To master this concept, focus on understanding that you're grouping like factors together, just as you would combine identical items into one pile. This not only simplifies equations but also lays the groundwork for solving them.

Solving linear equations is a foundational skill in algebra. A linear equation is one in which the highest power of the variable is one.

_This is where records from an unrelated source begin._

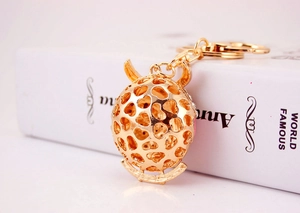 Detailed macro view of the gold hollow heart sphere keychain with horn decoration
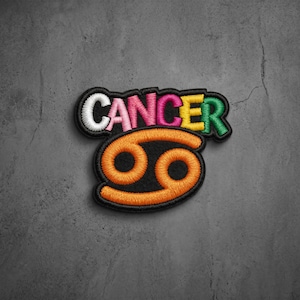 May include: An embroidered patch featuring the word CANCER in white, pink, magenta, yellow, and green thread. Below the text is the orange Cancer zodiac symbol, which consists of two interlocking circles, all outlined in thick black thread.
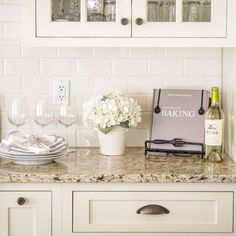 a kitchen counter with white cabinets and wine glasses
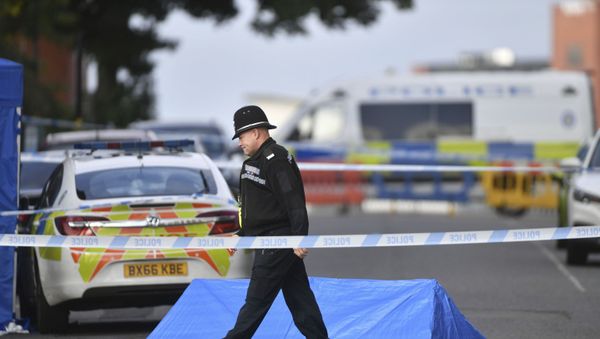 A police officer and vehicles are seen at a cordon in Irving Street in Birmingham after a number of people were stabbed in the city centre, Sunday, Sept. 6, 2020. - Sputnik International
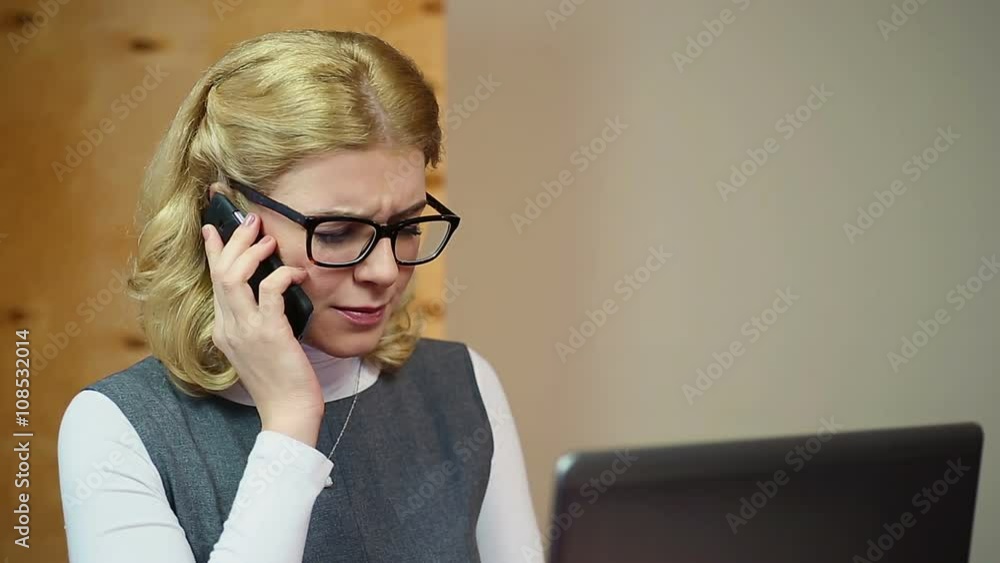 Successful businesswoman working on laptop in office, talking on the phone Successful businesswoman working on laptop in office, talking on the phone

The general form is \(ax + b = 0\), where 'a' and 'b' are constants. To solve for 'x', you must isolate the variable on one side of the equation.

In the given exercise, after combining like terms, you are left with \(10x = x - 16\). To solve for 'x', subtract 'x' from both sides to isolate the terms containing 'x'. This leads to the equation \(9x = -16\), which you can then solve by dividing both sides by '9', yielding \(x = -\frac{16}{9}\).

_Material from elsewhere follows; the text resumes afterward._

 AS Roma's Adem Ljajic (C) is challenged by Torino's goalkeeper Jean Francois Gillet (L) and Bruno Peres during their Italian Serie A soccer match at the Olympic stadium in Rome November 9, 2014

Remember, the goal is to get 'x' by itself, so reverse the operations that are being applied to 'x', maintaining the balance by performing each operation on both sides of the equation. Practice this concept by working through a variety of linear equations to develop a clear understanding of the solving process.

Substitution is a technique used in algebra to find the value of expressions. Once you find the value of the variable, you 'substitute' it into another expression to evaluate it. This is particularly important when solving a set of equations or evaluating expressions where the variable appears in more complex forms.

In our example, after solving the linear equation, you find that \(x = -\frac{16}{9}\). To evaluate \(x^2 - x\), you substitute the value of 'x' into the expression, resulting in \(\left(-\frac{16}{9}\right)^2 - \left(-\frac{16}{9}\right) = \frac{256}{81} + \frac{16}{9} = \frac{400}{81}\).

Substitution is a powerful tool that can be used for a variety of purposes in algebra, such as solving systems of equations or evaluating functions. It is a straightforward process, but requires careful attention to ensure that the substitution is done correctly. Precise substitution is key to obtaining the correct results in algebraic computations.